• Problem to work on: Only one span is wanted from the lines below: from the one with "2010 04 02_Bruch_0157" up to and including the one with "Südafrikanische Lion Poster (Heimbüro)". Copy it exactly, without images.

• Supplied data:
□ □ □

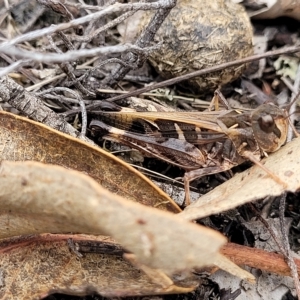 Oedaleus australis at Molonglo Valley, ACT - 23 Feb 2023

□ □ □

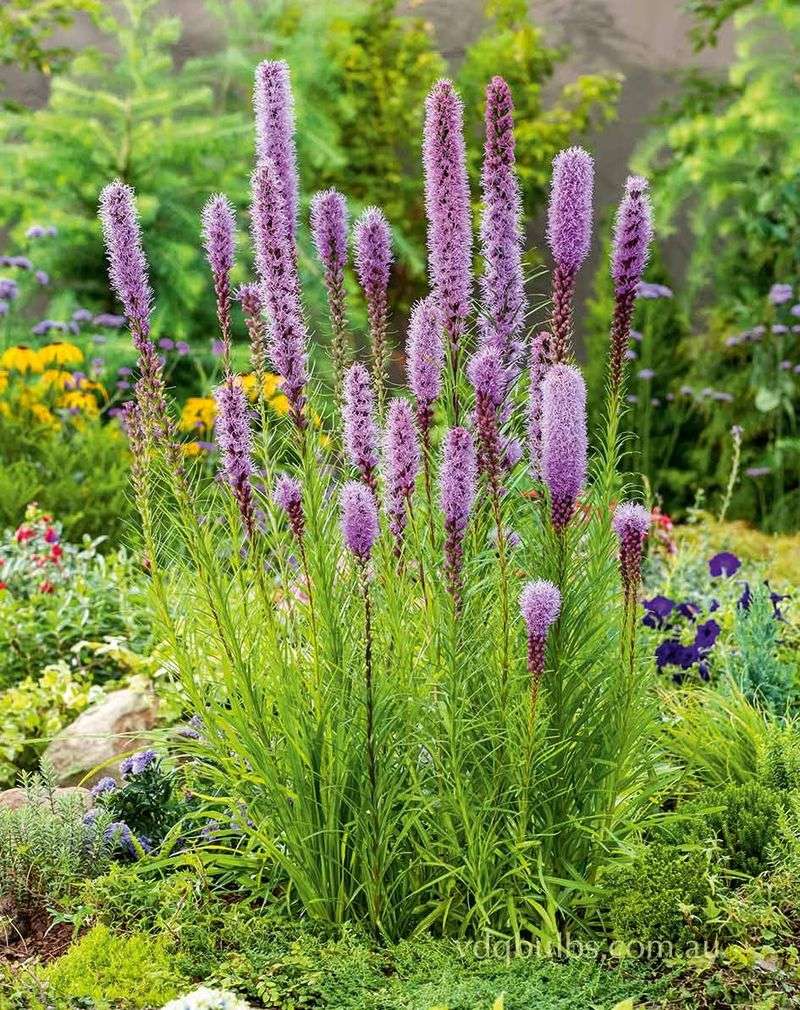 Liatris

□ □ □

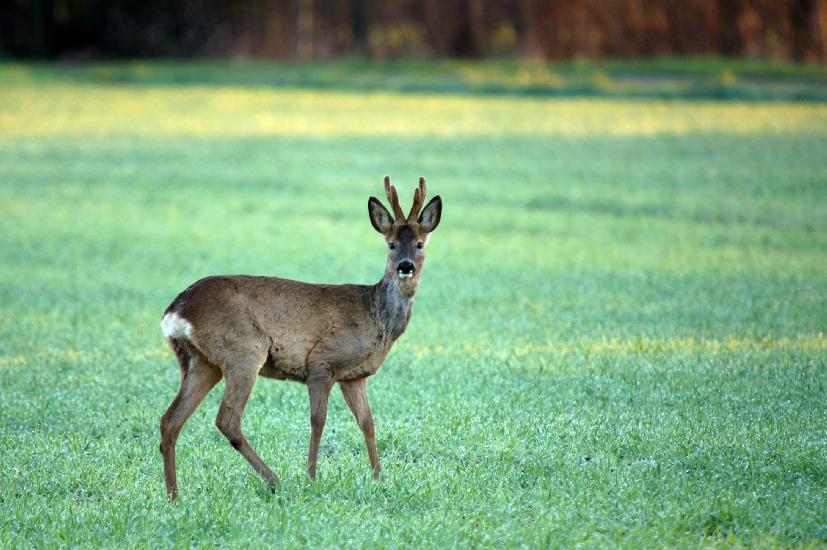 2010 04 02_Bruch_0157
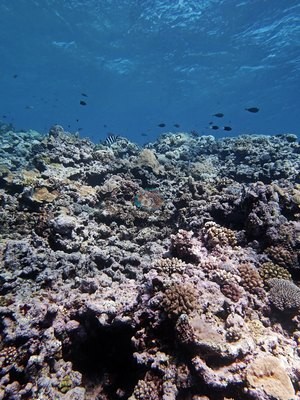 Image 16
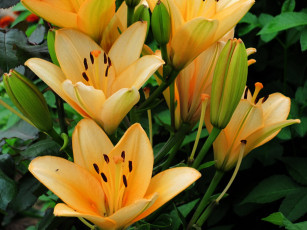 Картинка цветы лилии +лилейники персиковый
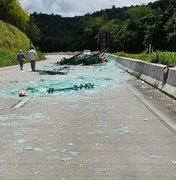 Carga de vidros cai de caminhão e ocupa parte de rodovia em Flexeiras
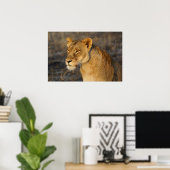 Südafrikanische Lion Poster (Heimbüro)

□ □ □

• Your solution:
 2010 04 02_Bruch_0157
 Image 16
 Картинка цветы лилии +лилейники персиковый
 Carga de vidros cai de caminhão e ocupa parte de rodovia em Flexeiras
 Südafrikanische Lion Poster (Heimbüro)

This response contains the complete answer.